→ **Problem description**
Repeat exactly the lines that begin at the one containing "ズルいくらい幸せな人がやっている　人生が思い通りになる「シンプル生活」" and end at the final line of the records; include no pictures and nothing else.

○ ○ ○ ○

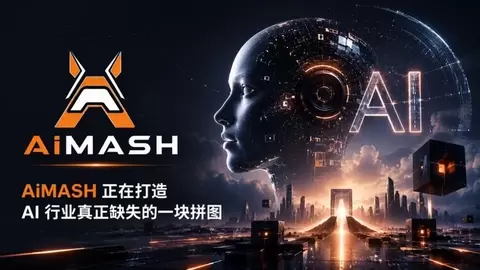 AiMASH 正在打造 AI 行业真正缺失的一块拼图，全新 AI 研究成果即将问世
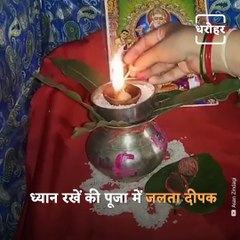 Vaastu Shastra And The Significance Of The Sun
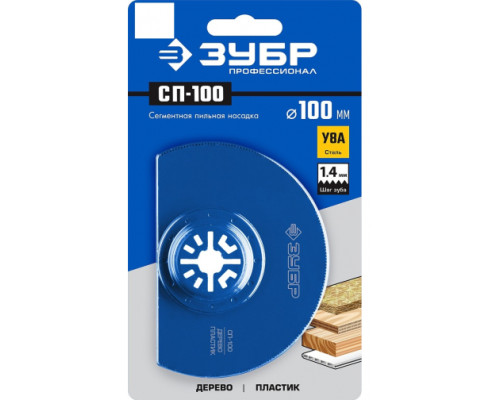 Пильная насадка СП-100 (100 мм) Зубр 15567-100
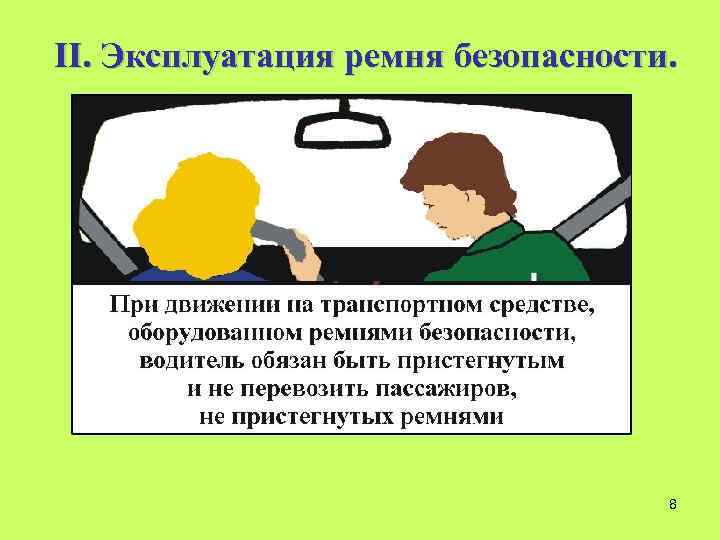 II. Эксплуатация ремня безопасности. 8 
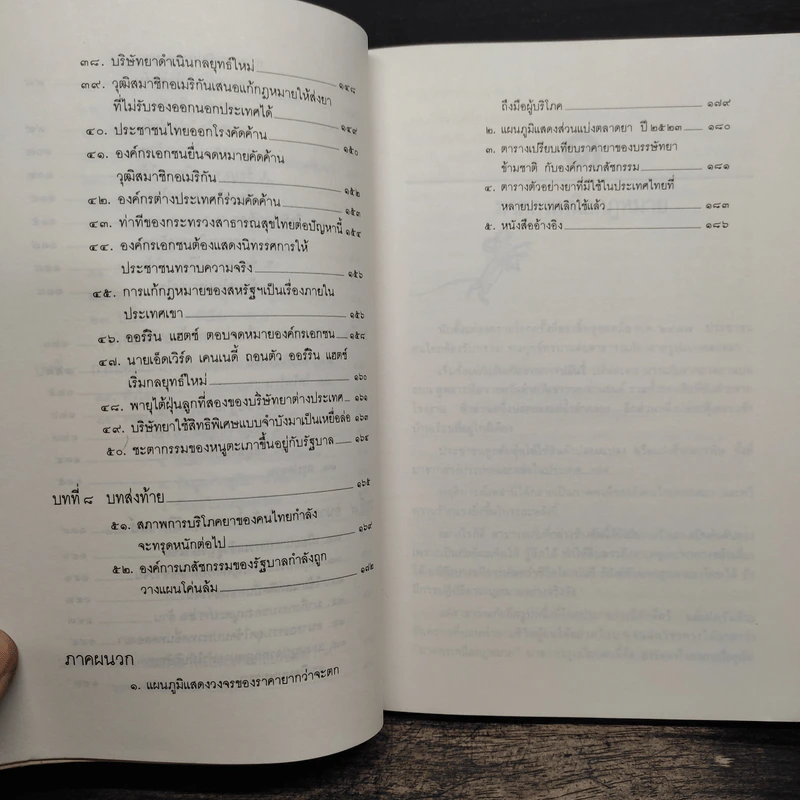 คนไทย หนูทดลองยา 53 ล้าน - นายแพทย์บุตร ประดิษฐวณิช รูปที่ 9
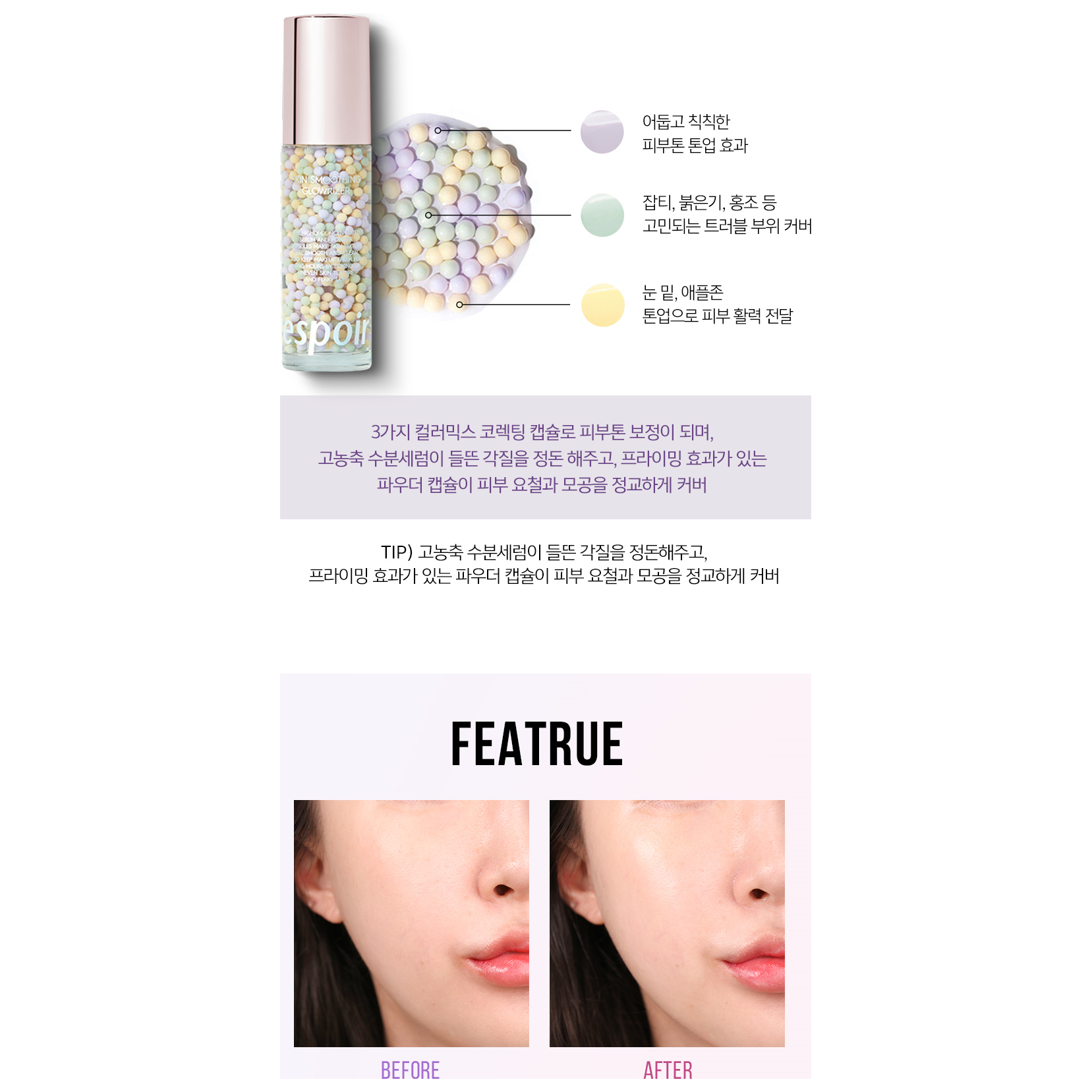 (Hàng Mới Về) Kem Bắt Sáng Cho Làn Da Mượt Mà Trọng Lượng 40g | BigBuy360 - bigbuy360.vn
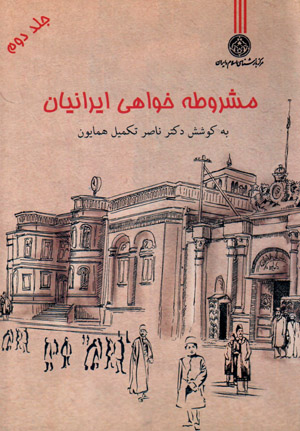 Mashrūṭah khvāhī-i Īrānīyān (jild-i 2)
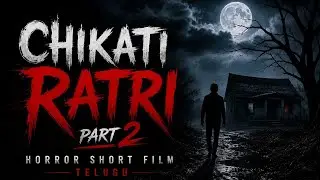 CHIKATI RATRI &ndash; PART 2 🔥 👑 | Full Video | Ram Navami Special | Telugu Thriller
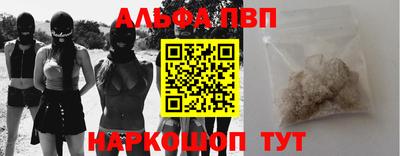 гашишное масло Апрелевка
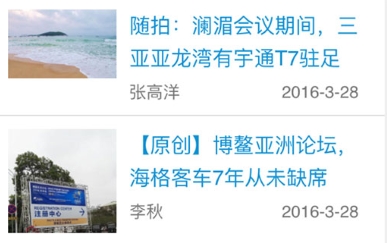 司机伙伴app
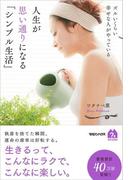 ズルいくらい幸せな人がやっている　人生が思い通りになる「シンプル生活」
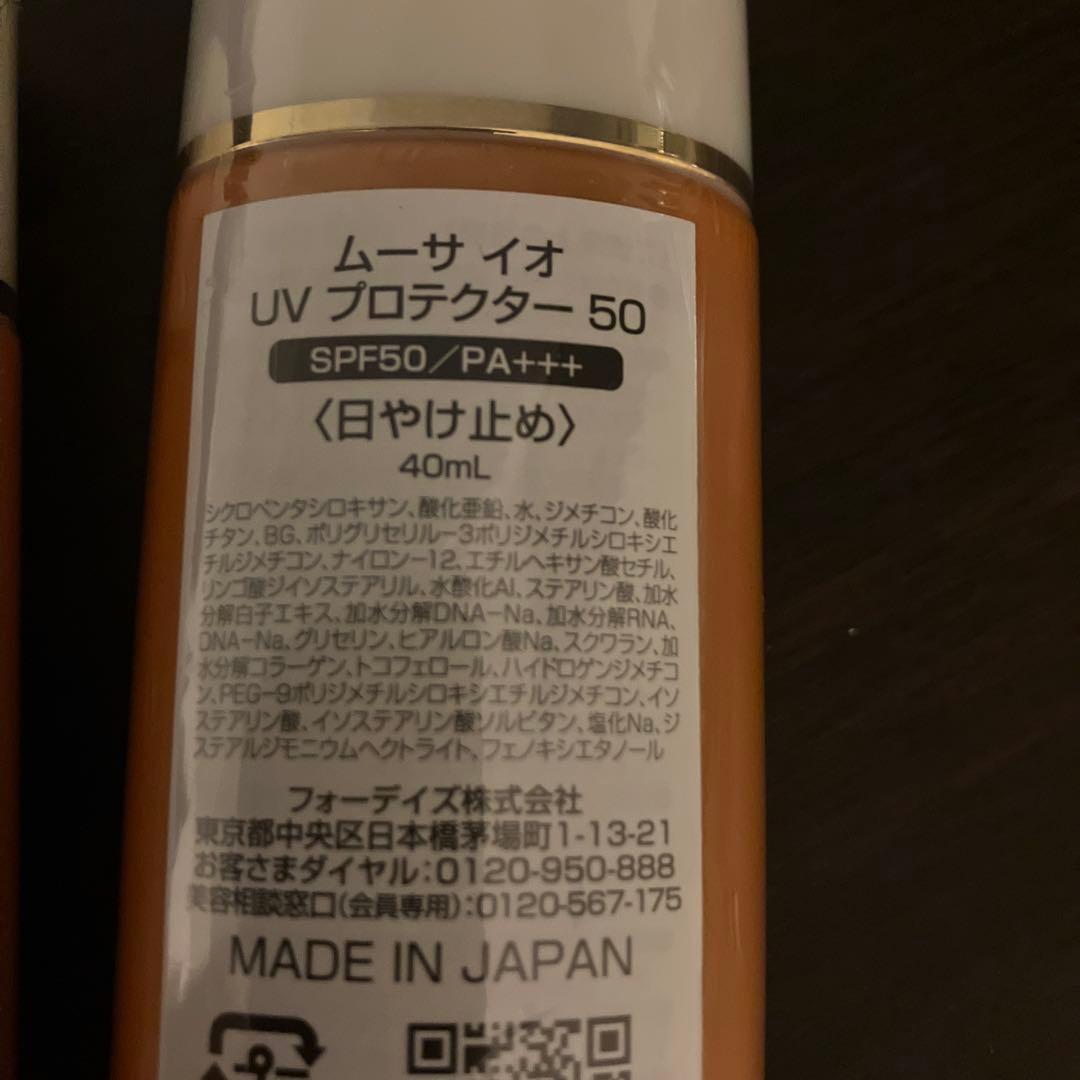 FORDAYS Mousa LU serum gia 2本セット　日焼け止め2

○ ○ ○ ○

→ **Written response**
 ズルいくらい幸せな人がやっている　人生が思い通りになる「シンプル生活」
 FORDAYS Mousa LU serum gia 2本セット　日焼け止め2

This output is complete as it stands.